Extract the run of lines that starts at the top of the records below and ends at the line with "B34B-RC832S FPV 5.8G", keeping both ends and excluding pictures.

--- LISTED RECORDS Enclosed Below ---

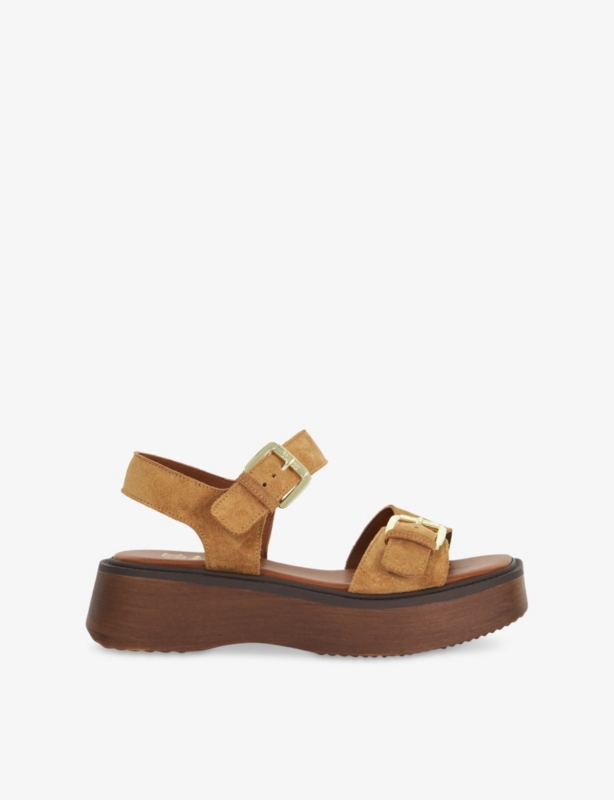 Luno Double-Strap Flatform Suede Sandals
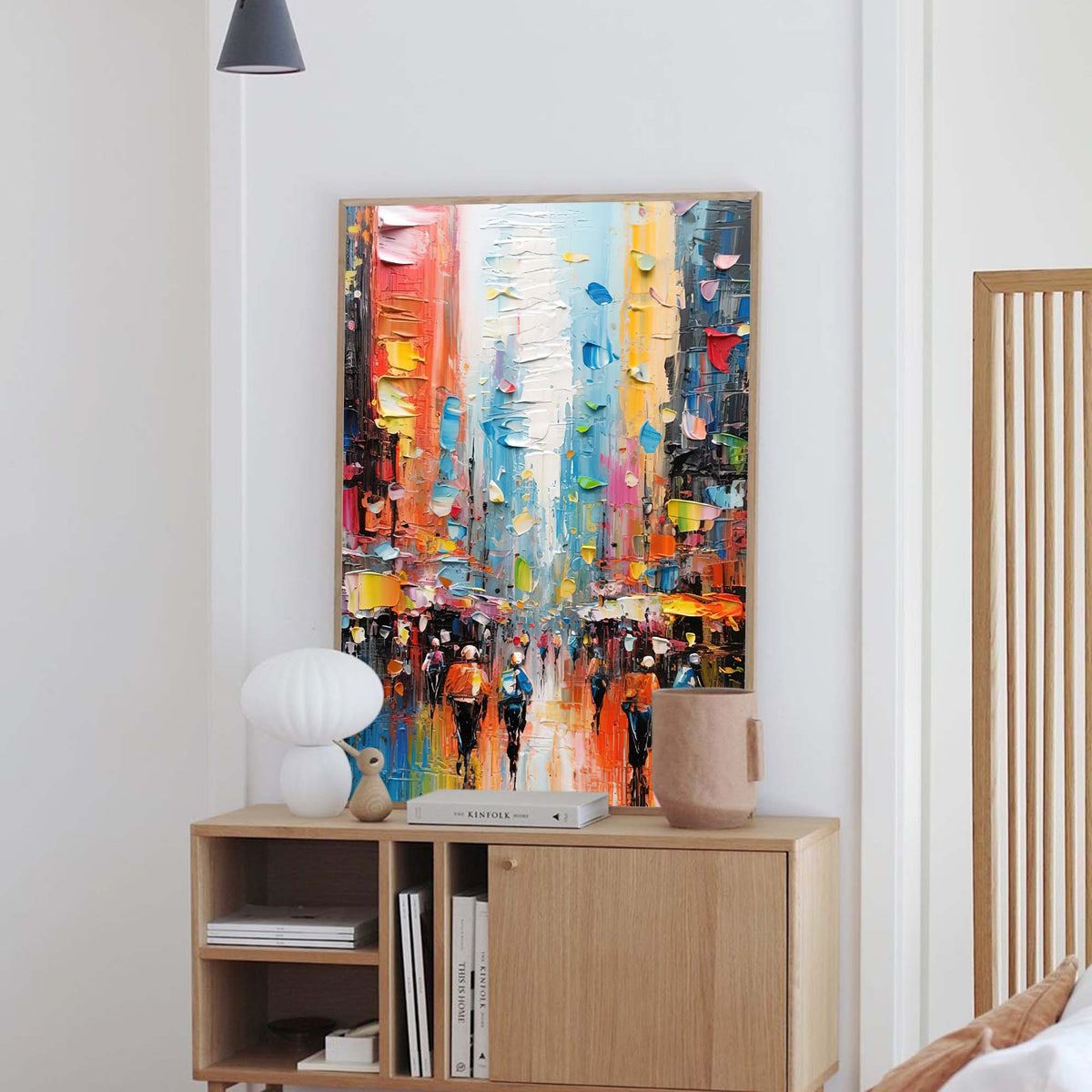 Impasto Cityscape Painting Vibrant Rainbow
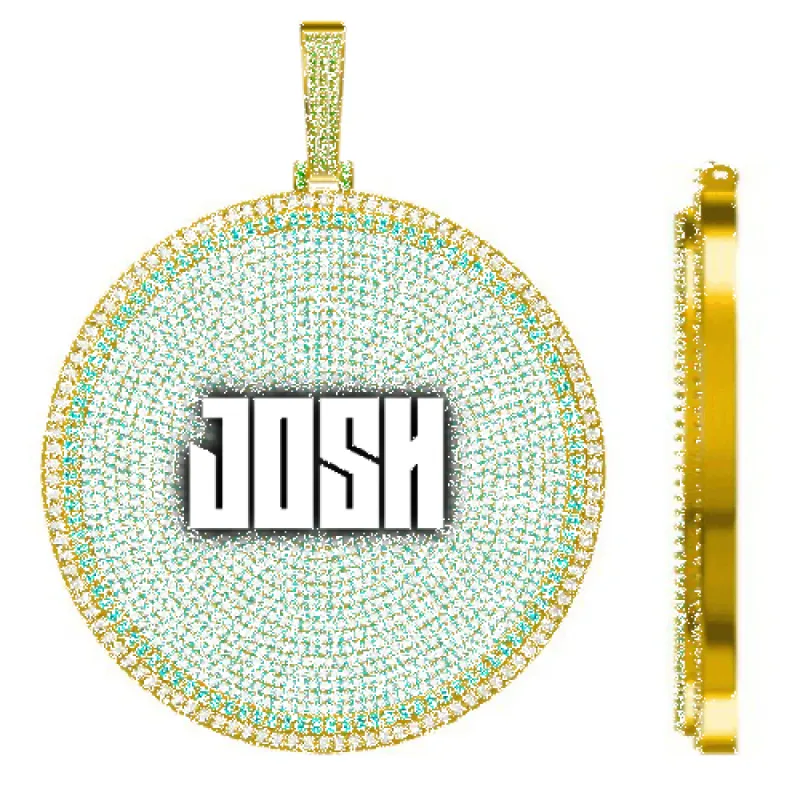 CUSTOM LETTER NECKLACE 3D BIG DISC sold by The GUU Shop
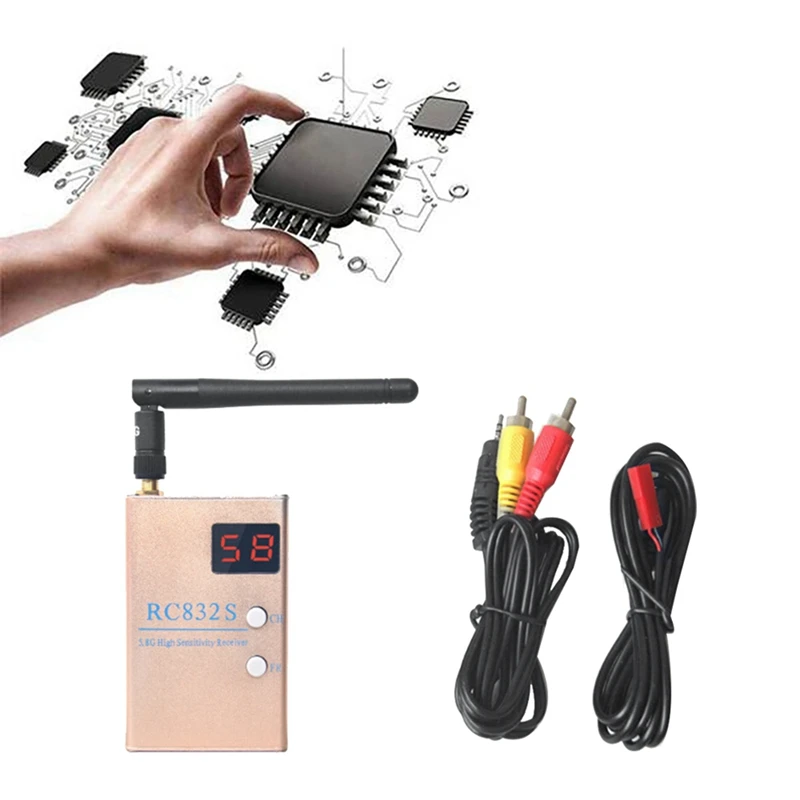 B34B-RC832S FPV 5.8G 48CH Receptor Vídeo Áudio Receptor AV Para Quadcopter F450 S500 S550 RC832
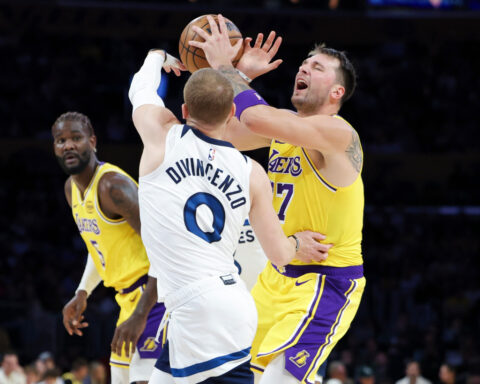 Lakers' Luka Doncic likely out at least one week with a sprained finger and a bruised leg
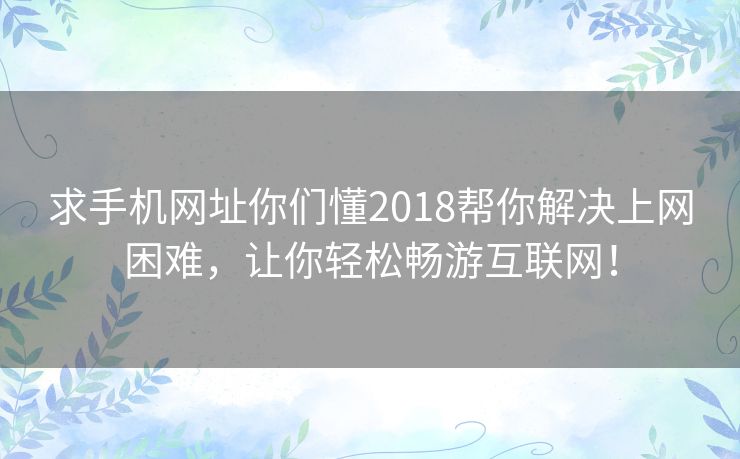 求手机网址你们懂2018帮你解决上网困难,让你轻松畅游互联网! 求手机网址你们懂2018帮你解决上网困难,让你轻松畅游互联网!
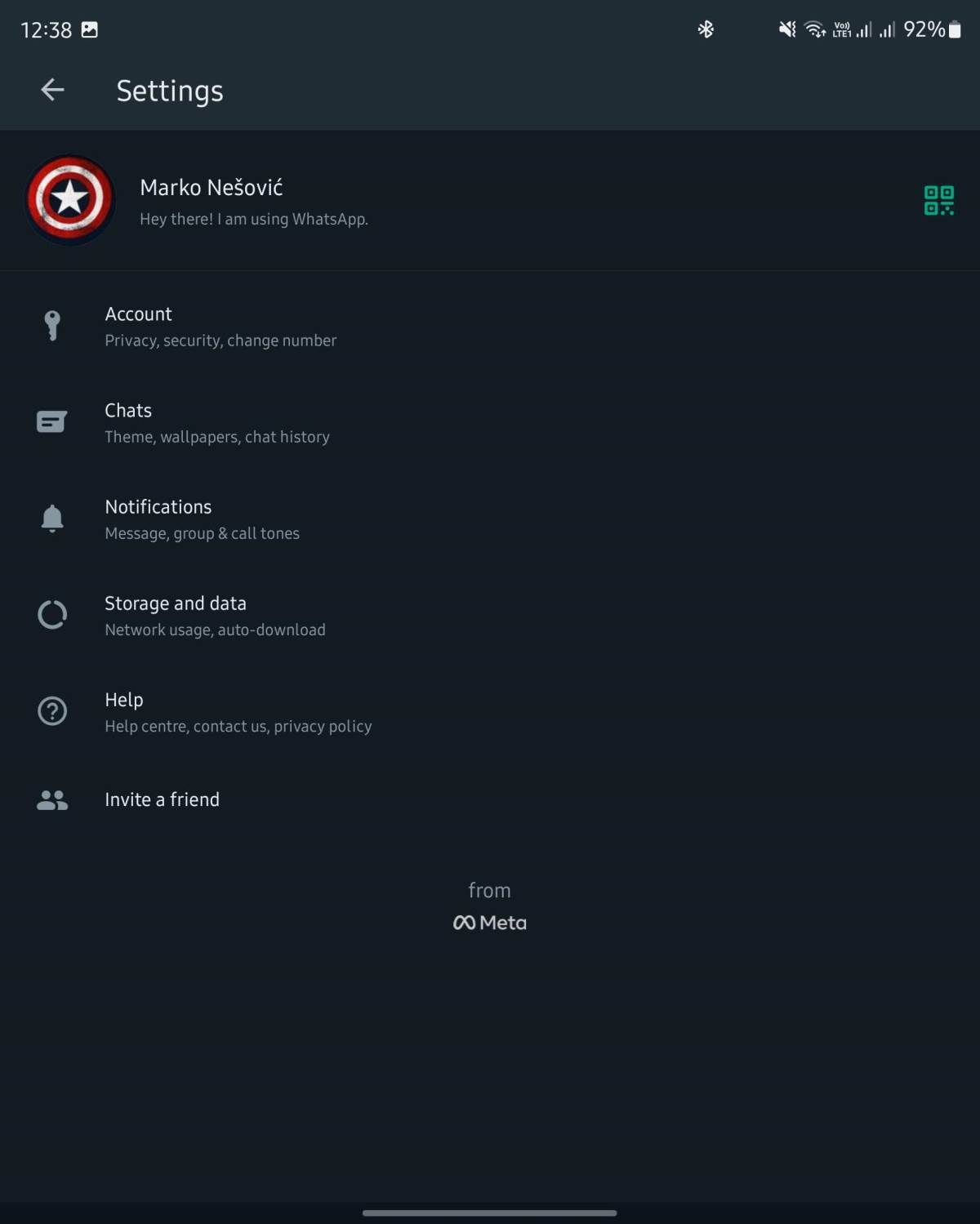 WhatsApp podešavanja na mobilnoj aplikaciji
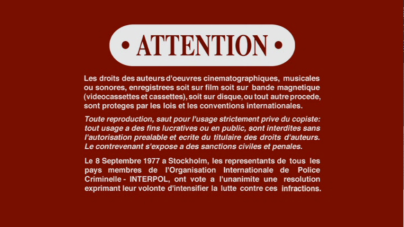 Sony Interpol Warning (French)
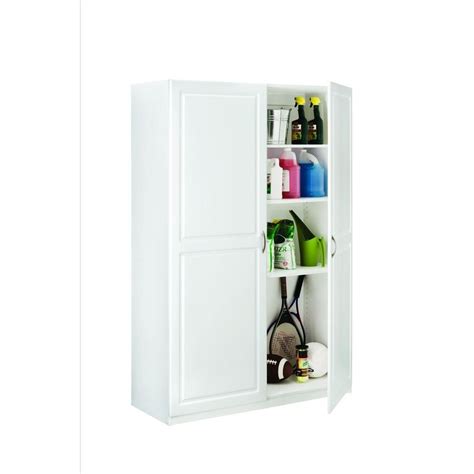 Sculpted picture frame doors with brushed nickel handles and a bright white color make this closetmaid dimensions wall cabinet a stylish way to organize any room. ClosetMaid Dimensions 48 in. Cabinet in White-13000 - The ...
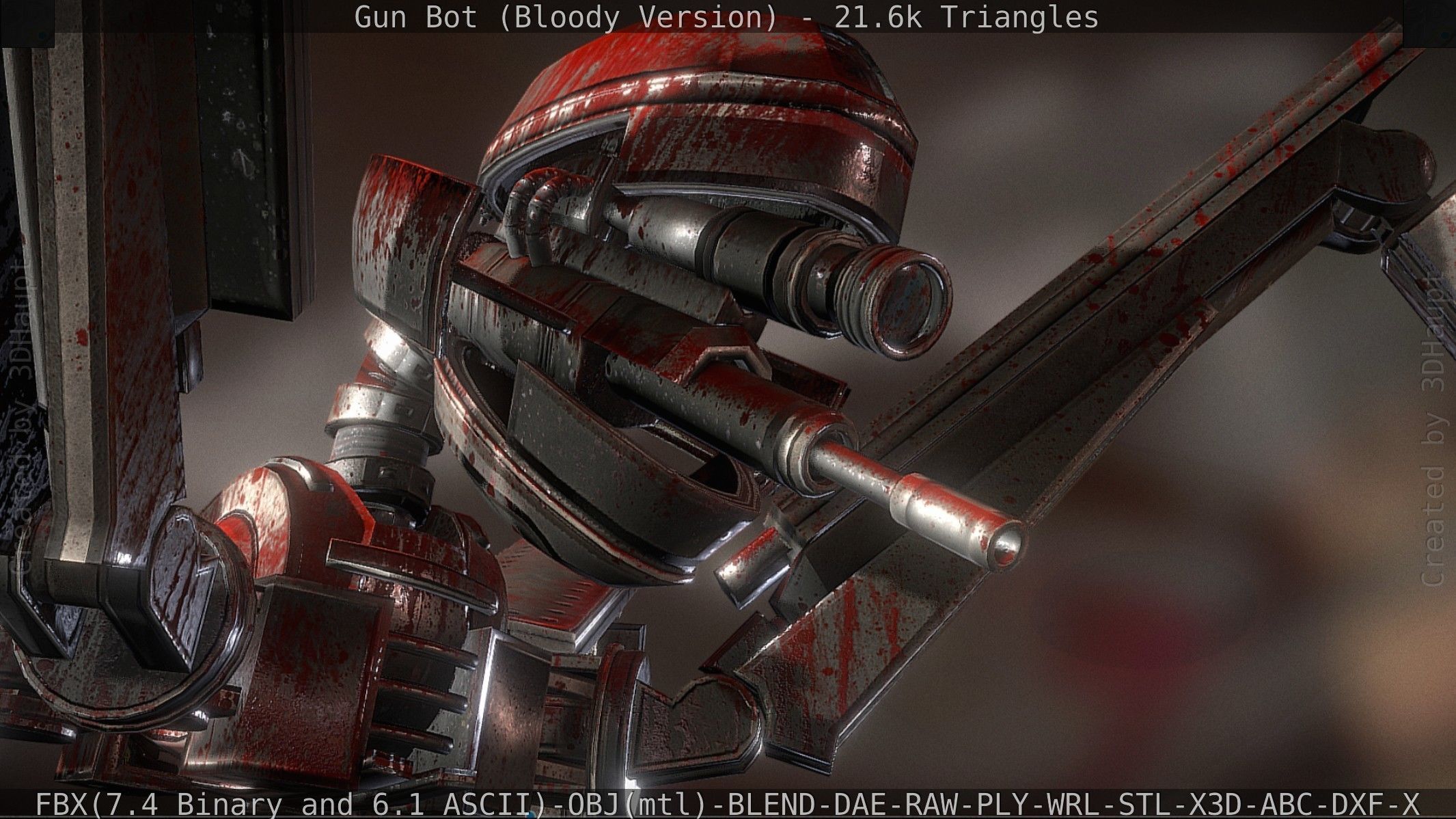 Bloody Gun Bot Low-poly 3D model_55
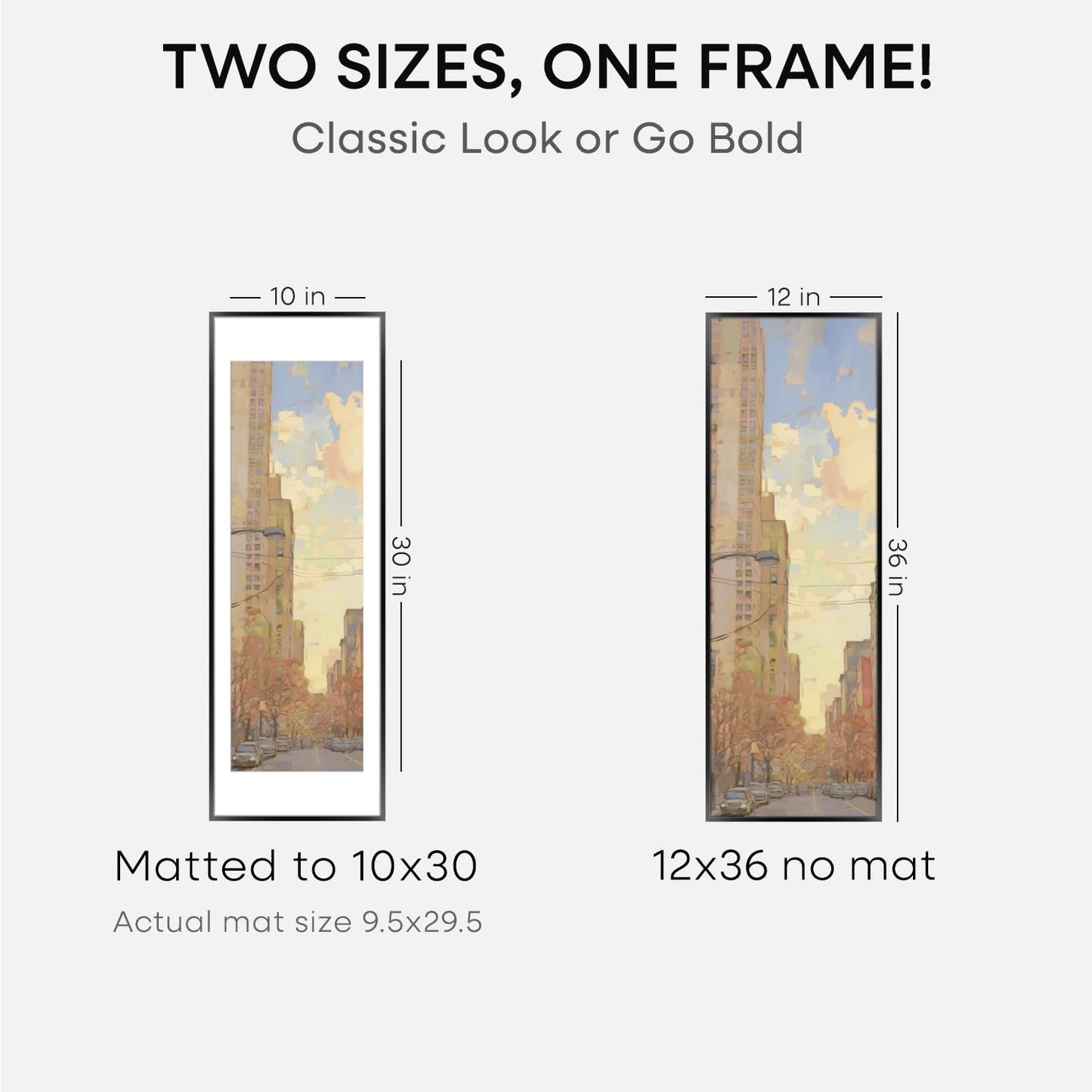 Homeforia 12x36 Picture Frame Black, High End Metal 12x36 Poster Frames with Mat 10x30 for Photo, 12 x 36 Black Frame Matted to 10 by 30 Art, 36x12 Panoramic Frames, Tempered Glass, Wall Kit, Set of 1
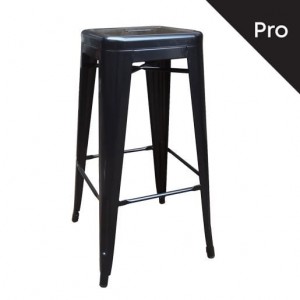 RELIX Σκαμπό Bar-Pro H.67cm, Στοιβαζόμενο, Μέταλλο Βαφή Μαύρο 43x43x67cm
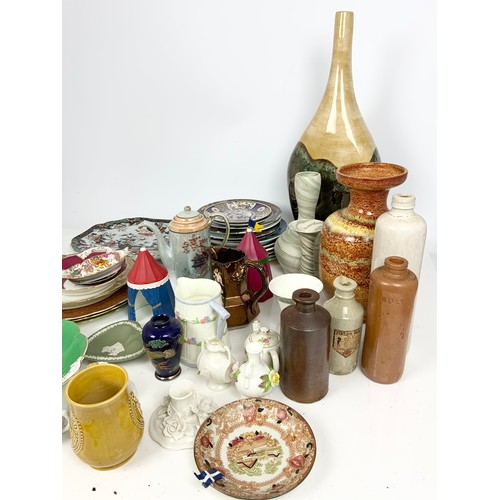 134 - MIXED CERAMICS INC VASES , PLATES, ROYAL WORCESTER BARREL JUG ETC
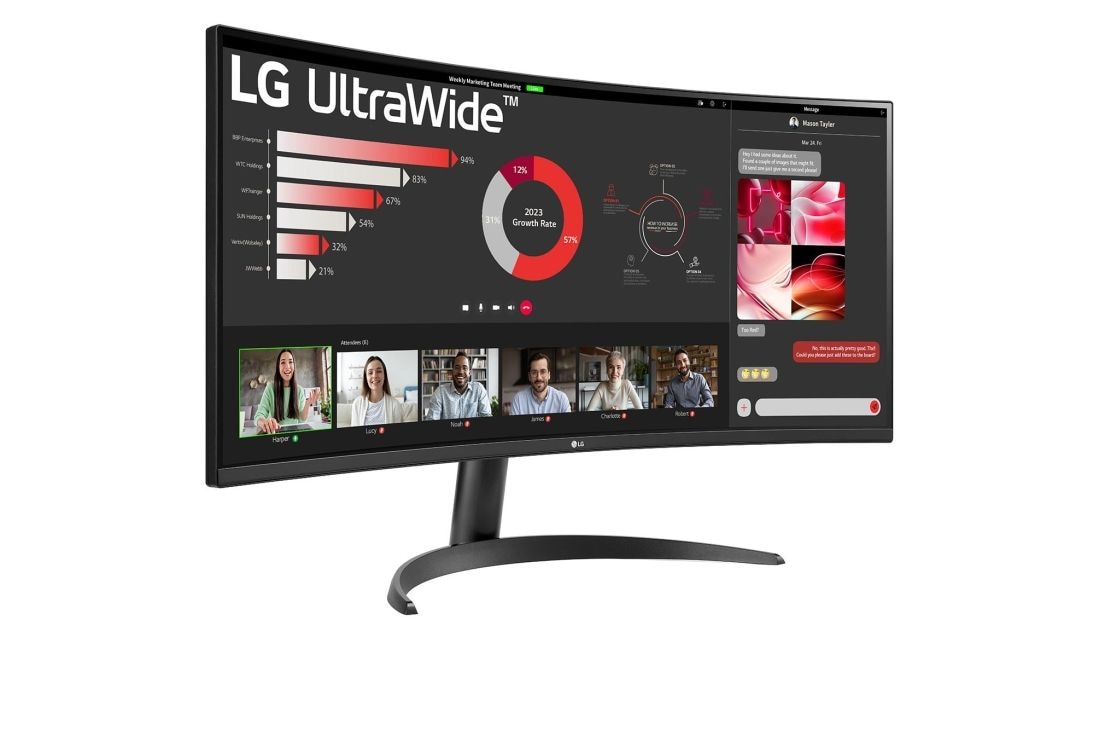 LG 34'' UltraWide™ QHD+ Curved -näyttö, +30 asteen sivunäkymä, 34WR50QK-B, thumbnail 4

--- End of Enclosed LISTED RECORDS ---

## [ANSWER SPACE]
 Luno Double-Strap Flatform Suede Sandals
 Impasto Cityscape Painting Vibrant Rainbow
 CUSTOM LETTER NECKLACE 3D BIG DISC sold by The GUU Shop
 B34B-RC832S FPV 5.8G 48CH Receptor Vídeo Áudio Receptor AV Para Quadcopter F450 S500 S550 RC832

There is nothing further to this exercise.